# [SOURCE DATA]

- - - - - - -

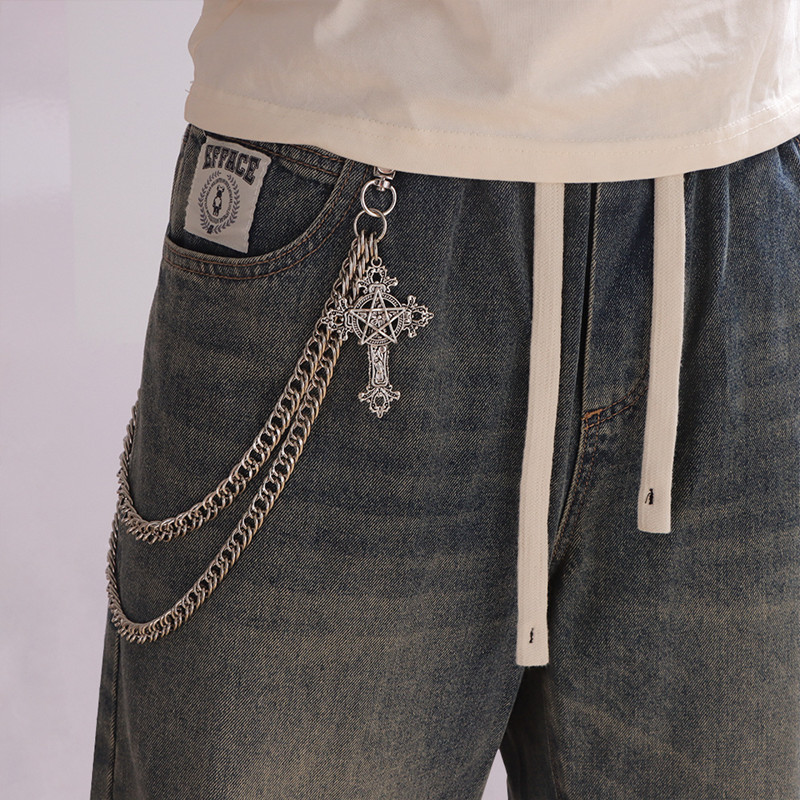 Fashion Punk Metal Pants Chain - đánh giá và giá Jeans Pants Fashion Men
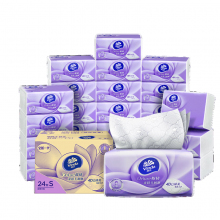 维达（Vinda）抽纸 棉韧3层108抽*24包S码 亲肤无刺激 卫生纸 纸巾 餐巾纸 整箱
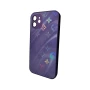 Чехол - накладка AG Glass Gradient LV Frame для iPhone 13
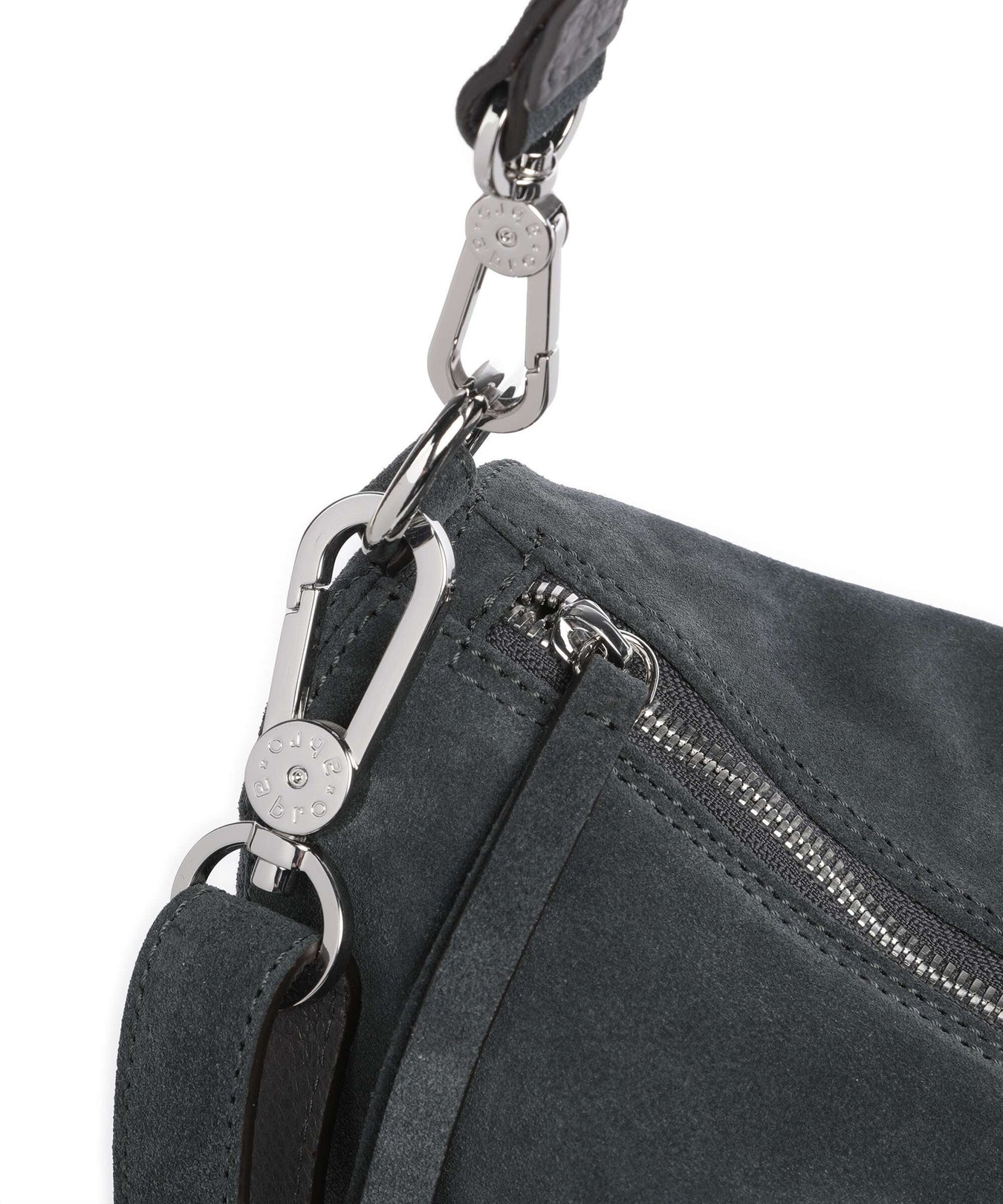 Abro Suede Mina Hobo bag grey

- - - - - - -

# [EXERCISE DIRECTIONS]
Write out the whole listing verbatim, images excluded.

# [RESULT OF THIS TASK]
 Fashion Punk Metal Pants Chain - đánh giá và giá Jeans Pants Fashion Men
 维达（Vinda）抽纸 棉韧3层108抽*24包S码 亲肤无刺激 卫生纸 纸巾 餐巾纸 整箱
 Чехол - накладка AG Glass Gradient LV Frame для iPhone 13
 Abro Suede Mina Hobo bag grey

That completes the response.